EXERCISE DIRECTIONS: Go through the entries below and copy every line that holds the word "Yellow".

Saved entries:
-------
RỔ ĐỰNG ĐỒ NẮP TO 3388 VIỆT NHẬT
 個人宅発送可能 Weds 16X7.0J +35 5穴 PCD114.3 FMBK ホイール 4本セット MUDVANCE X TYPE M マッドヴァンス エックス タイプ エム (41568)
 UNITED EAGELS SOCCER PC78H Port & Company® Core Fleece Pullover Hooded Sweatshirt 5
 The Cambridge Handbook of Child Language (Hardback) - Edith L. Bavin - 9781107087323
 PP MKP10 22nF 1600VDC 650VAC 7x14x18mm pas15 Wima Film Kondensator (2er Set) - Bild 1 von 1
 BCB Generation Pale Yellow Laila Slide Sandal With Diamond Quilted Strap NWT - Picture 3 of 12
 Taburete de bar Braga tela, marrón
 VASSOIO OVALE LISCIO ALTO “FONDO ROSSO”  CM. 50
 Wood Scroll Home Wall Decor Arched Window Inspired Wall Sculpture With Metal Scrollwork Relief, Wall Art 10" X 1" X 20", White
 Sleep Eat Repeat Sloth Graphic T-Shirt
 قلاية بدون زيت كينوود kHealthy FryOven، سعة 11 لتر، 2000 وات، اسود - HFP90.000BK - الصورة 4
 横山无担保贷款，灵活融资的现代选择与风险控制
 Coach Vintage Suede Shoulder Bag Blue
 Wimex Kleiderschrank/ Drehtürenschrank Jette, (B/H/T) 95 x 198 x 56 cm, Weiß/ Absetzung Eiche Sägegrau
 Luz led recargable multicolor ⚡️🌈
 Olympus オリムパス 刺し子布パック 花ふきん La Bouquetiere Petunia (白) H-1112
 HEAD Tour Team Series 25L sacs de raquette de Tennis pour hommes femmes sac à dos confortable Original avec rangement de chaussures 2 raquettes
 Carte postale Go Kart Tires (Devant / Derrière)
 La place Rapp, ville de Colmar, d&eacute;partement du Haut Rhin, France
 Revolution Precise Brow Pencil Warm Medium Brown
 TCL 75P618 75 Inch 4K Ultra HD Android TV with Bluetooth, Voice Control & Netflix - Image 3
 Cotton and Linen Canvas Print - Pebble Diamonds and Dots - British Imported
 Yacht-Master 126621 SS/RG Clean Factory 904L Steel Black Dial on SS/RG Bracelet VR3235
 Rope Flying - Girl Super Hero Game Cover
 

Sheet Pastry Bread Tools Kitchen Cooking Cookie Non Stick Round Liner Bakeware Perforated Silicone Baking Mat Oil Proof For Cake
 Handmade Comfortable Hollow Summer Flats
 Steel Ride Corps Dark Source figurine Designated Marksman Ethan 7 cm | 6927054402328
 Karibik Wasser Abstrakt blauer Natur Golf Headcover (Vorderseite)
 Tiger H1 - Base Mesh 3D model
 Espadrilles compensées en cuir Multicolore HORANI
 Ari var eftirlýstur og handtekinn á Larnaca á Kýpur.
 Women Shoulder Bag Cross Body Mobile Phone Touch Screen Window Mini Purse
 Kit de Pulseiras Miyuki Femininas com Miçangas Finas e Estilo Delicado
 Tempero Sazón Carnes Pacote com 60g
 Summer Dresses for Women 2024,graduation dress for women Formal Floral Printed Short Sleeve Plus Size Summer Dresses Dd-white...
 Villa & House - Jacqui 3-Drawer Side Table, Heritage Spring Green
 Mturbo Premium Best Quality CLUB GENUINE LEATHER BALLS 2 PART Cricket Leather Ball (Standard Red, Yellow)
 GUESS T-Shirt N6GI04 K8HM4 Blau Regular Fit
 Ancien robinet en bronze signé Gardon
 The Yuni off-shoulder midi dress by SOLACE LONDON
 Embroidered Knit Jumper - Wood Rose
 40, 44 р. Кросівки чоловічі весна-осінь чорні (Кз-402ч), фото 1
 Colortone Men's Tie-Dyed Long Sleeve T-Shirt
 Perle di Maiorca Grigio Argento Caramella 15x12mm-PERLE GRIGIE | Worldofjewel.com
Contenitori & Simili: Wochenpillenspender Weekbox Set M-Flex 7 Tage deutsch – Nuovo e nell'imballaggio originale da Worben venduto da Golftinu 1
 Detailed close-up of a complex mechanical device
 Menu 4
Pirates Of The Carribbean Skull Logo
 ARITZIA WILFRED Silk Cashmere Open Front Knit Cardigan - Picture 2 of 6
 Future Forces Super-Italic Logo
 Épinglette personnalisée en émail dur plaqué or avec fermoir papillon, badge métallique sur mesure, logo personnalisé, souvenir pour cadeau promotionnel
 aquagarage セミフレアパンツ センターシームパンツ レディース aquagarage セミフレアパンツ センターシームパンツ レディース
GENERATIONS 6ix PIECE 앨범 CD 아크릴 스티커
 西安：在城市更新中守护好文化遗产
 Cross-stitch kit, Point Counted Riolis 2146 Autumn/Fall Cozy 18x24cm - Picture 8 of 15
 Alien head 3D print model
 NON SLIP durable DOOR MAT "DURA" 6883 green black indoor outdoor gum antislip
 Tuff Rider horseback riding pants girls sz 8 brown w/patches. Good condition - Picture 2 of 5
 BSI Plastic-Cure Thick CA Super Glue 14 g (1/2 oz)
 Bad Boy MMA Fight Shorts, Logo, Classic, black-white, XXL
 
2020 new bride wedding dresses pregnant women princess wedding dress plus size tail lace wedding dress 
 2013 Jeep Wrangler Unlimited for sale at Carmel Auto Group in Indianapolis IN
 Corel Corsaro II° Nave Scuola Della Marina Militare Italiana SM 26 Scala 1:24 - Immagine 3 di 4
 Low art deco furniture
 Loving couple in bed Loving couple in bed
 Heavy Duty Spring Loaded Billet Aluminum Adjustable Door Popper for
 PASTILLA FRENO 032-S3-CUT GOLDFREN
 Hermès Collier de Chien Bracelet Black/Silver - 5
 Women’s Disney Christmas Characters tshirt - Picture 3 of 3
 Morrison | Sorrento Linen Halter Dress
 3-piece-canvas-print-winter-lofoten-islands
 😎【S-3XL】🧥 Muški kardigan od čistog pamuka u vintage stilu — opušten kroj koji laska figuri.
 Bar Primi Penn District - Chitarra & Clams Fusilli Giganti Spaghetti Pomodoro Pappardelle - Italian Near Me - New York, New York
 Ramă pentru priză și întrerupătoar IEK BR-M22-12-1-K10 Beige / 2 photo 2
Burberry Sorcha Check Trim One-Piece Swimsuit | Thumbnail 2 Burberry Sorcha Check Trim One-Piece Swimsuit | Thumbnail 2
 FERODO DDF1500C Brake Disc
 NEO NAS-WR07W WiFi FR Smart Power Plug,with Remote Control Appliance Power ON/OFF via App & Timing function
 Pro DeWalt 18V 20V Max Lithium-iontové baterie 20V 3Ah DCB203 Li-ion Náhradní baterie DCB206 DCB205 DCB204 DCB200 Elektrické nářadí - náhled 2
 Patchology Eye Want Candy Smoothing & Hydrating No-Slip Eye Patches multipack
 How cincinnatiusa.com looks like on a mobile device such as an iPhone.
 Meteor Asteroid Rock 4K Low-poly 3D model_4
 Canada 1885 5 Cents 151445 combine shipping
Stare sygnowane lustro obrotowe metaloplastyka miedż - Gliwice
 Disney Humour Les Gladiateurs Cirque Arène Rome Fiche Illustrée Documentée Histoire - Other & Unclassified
-------
EXERCISE RESULT:
 BCB Generation Pale Yellow Laila Slide Sandal With Diamond Quilted Strap NWT - Picture 3 of 12
 Mturbo Premium Best Quality CLUB GENUINE LEATHER BALLS 2 PART Cricket Leather Ball (Standard Red, Yellow)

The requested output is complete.